Caron se faufile dans plusieurs genres littéraires pour faire le tour de son sujet et scruter ses personnages. Comme s’il voulait empoigner toutes les écritures pour se coller à la réalité.
Alexandre est un lecteur avant tout, une voix qui touche les auditeurs, fait vibrer les personnages. Le présent s’étiole un peu et les livres prennent de plus en plus de place. Jean-François Caron est un très bon lecteur et aime lire en public. Je me suis fait plaisir plusieurs fois en l’écoutant. Je ne sais s’il fait comme le personnage de Francine Brunet dans Le Géant. Victor Scarpa, un camionneur, dirige un club audio et circule au volant de son camion en écoutant l’enregistrement d’un roman québécois ou un succès du jour. Tous les camionneurs sont amoureux de la femme qui lit.  
Jean-François Caron aime les camions et circule un peu partout en Amérique du Nord. Tout comme Serge Bouchard qui a une passion pour ces véhicules et la route. J’aime assez l’idée de passer des heures au volant d’un poids lourd en me laissant bercer par une voix qui lit un Nancy Huston ou encore La petite fille qui aimait trop les allumettes de Gaétan Soucy.

EXPLORATION

Caron nous pousse à gauche et à droite, nous fait revenir dans l’enfance, ou d’autres moments marquants. La colère du père, celle de la mère qui bannit les armes de la maison. La voisine qui initie le jeune garçon aux plaisirs du corps. Ces heures si intenses où l’on voit un être proche glisser lentement hors de sa vie.
Son ancienne institutrice le paie pour qu’il lui fasse la lecture. Le jeune homme réussit même à intéresser l’Ours, un obèse qui se terre dans son appartement. La lecture lui redonne goût à la vie.
Tout se fait et se défait autour d’Alexandre qui étudie, enseigne à temps perdu, croise Marianne et la perd aussitôt, retrouve Tison qui vit maintenant avec Marie-Soleil, la voisine d’en face. Le monde est si petit, le monde est si vaste.

Et dure la séance de lecture improvisée. On papillonne entre les rayons, éclipsant la distance qui devrait encore exister entre les deux hommes, évacuant du monde la douleur – d’abord physique – qu’endure le garçon, dissipant aussi la prégnance de la mort du père, comme si chaque phrase lue étouffait le disparu, l’enfonçant dans une tranchée sans écho, comme si, quelque part dans le tombeau blanc d’un alinéa ou dans le vide d’un pied de page, étaient ensevelis son corps crevé comme une outre et son image implosée. Chaque phrase devient une nouvelle façon de faire son deuil. (p.103)
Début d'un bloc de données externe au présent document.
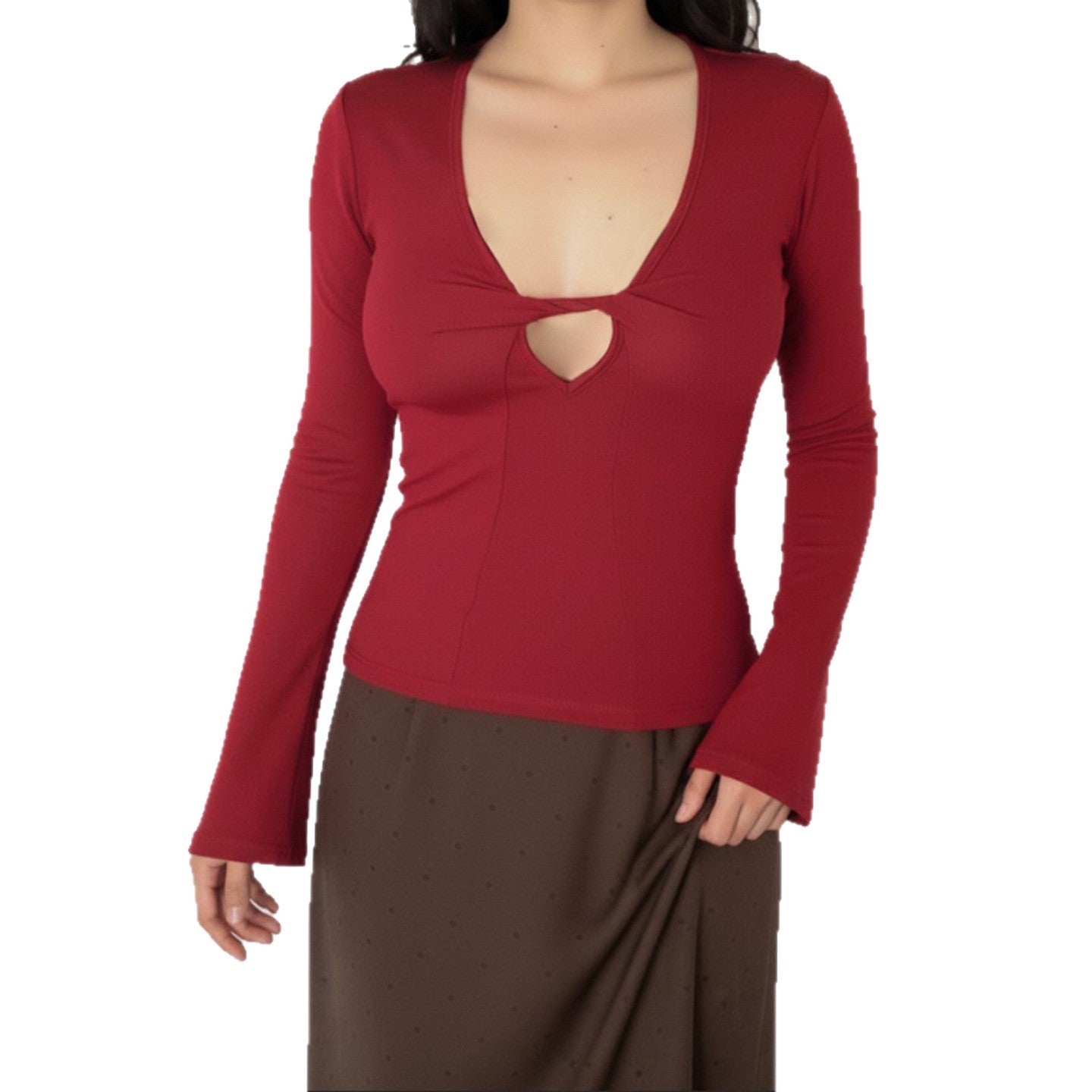 Deep V Long Sleeve Solid Color Sexy Slim-Fit Underwear Top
Alexandre tourne une page et une autre pour se calmer. Il respire et son cœur cesse de cabrioler.

CERCLES

Peu à peu, Alexandre glane des informations sur son père André qui est arrivé à Paris-du-bois, comme Le Survenant, le personnage inoubliable de Germaine Guèvremont. Il s’est installé et est devenu Broche-à-foin, l’homme à tout à faire. Marie-Soleil lui apprend comment il est venu l’arracher, elle et sa mère, aux griffes d’un petit despote qui les maltraitait. Un aspect qu’il ne connaissait pas de son père était plutôt silencieux.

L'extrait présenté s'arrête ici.